Introduction: Graphene is flat monolayer of carbon atoms (one atom thick), covalently
bonded to three other atoms in tightly packed two-dimensional (2D) hexagonal single layer stable
crystalline honeycomb lattice structure. In this paper, In-situ amine functionalized exfoliated graphene
with multiple layers (3-6) with low defect contents and average aspect ratio upto 10 microns
(average X and Y dimensions) and thickness upto 2-3 nm (average Z-direction) which have been
produced with the combined effort of chemical vapor deposition (CVD) and chemical graphite exfoliation
Methods: This paper also focuses on the effect of the reinforcement of amine functionalized multiple
graphene layers (AF-MGL) on the mechanical and visco-elastic properties of epoxy composites. AFMGL/
epoxy composites (AF-MGL/EpC) were prepared with graphene fractions ranging from 0.5 to
2.0 wt%. The four different samples were prepared using an amount of graphene as 0.0, 0.5, 1.5, and
2.0. A series of tensile three point bend tests were performed on the different AFMGL/epoxy composites.

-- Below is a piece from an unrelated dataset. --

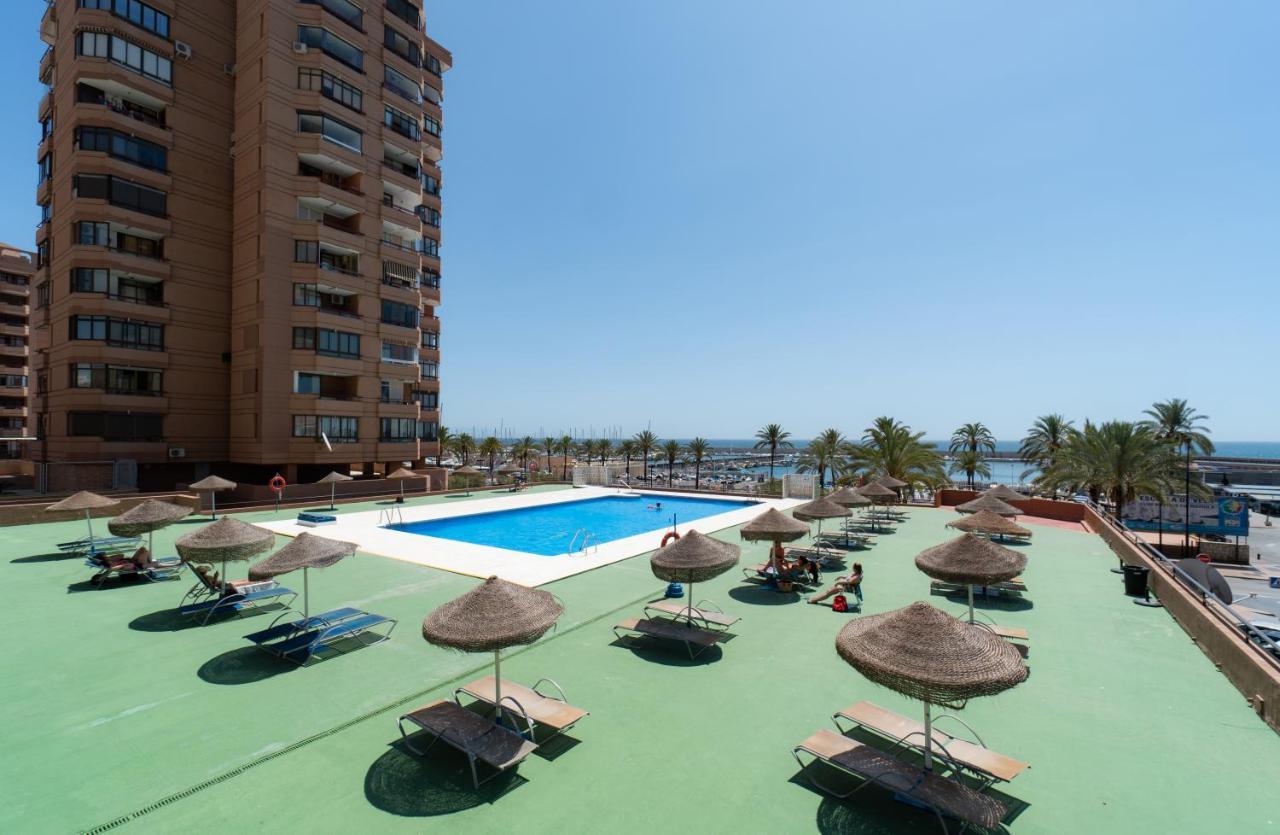Sur Palmeras 7 *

Optical and scanning electron microscopy (SEM) was used to examine the micro structural
features and fractured surfaces of AF-MGL/EpC.
Results: Increased graphene content results in improved tensile strength and the modulus of an epoxy
matrix when compared with the pure epoxy matrix. The 1.5 wt% AF-MGL/EpC showed an increase
in tensile strength and modulus by 50.2 and 52.8% respectively. However, a shrink was noticed
beyond 1.5 wt.% samples of AF-MGL/EpC composite. Moreover, an improvement of 28.8% in
the storage modulus was also recorded when compared with epoxy composites.
Conclusion: The effect of the amine functional group on the mechanical and viscoelastic properties
was also explored using molecular dynamics (MD) simulations and predicted results were then compared
with experimental results.